-- Supplied records follows --
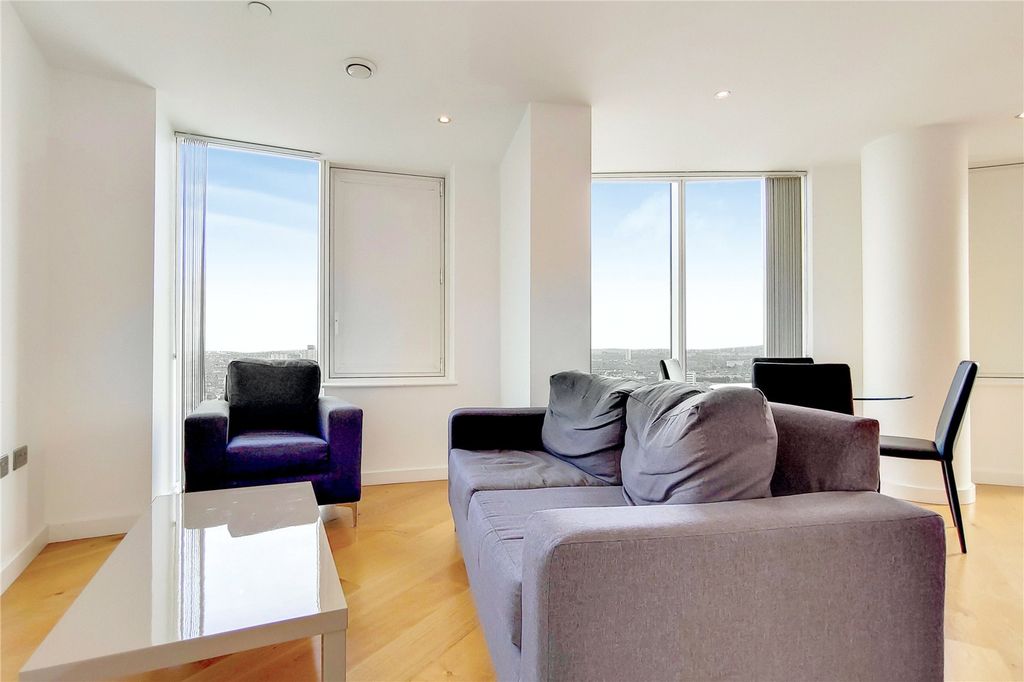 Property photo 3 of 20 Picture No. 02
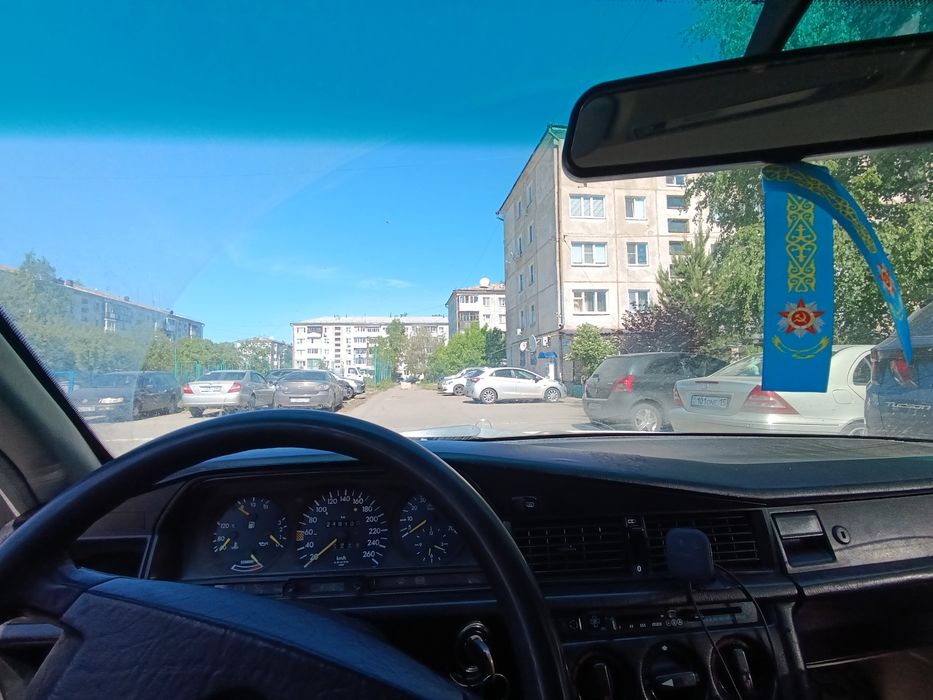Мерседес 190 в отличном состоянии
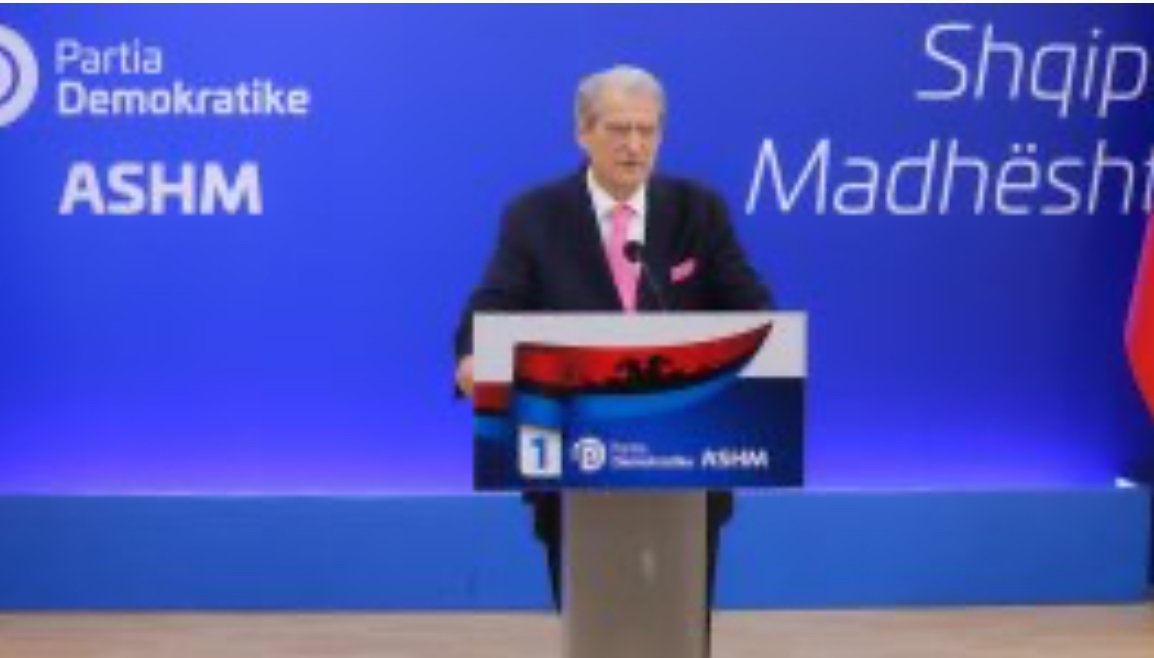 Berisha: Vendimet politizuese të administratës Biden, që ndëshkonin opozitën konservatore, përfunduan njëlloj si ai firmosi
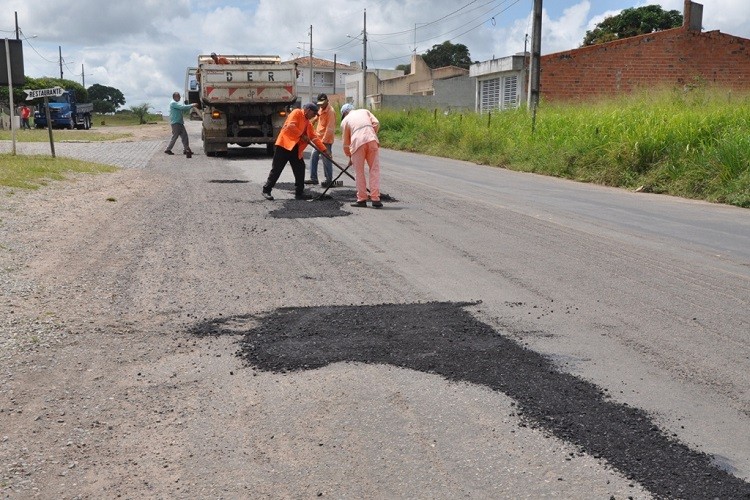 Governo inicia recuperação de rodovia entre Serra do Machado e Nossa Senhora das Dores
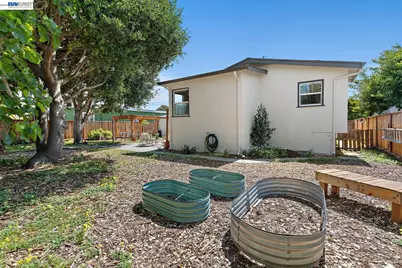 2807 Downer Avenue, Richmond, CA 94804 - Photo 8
-- Supplied records concluded --
-- Supplied records follows --
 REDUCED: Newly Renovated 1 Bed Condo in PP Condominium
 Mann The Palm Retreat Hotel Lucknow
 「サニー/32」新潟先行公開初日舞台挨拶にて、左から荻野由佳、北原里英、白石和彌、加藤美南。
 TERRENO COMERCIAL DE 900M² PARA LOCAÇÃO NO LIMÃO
-- Supplied records concluded --
Description of the task
Using the entries shown above, reproduce verbatim the lines from the line bearing "Mann The Palm Retreat Hotel Lucknow" to the line bearing "TERRENO COMERCIAL DE", inclusive.

Your response
 Mann The Palm Retreat Hotel Lucknow
 「サニー/32」新潟先行公開初日舞台挨拶にて、左から荻野由佳、北原里英、白石和彌、加藤美南。
 TERRENO COMERCIAL DE 900M² PARA LOCAÇÃO NO LIMÃO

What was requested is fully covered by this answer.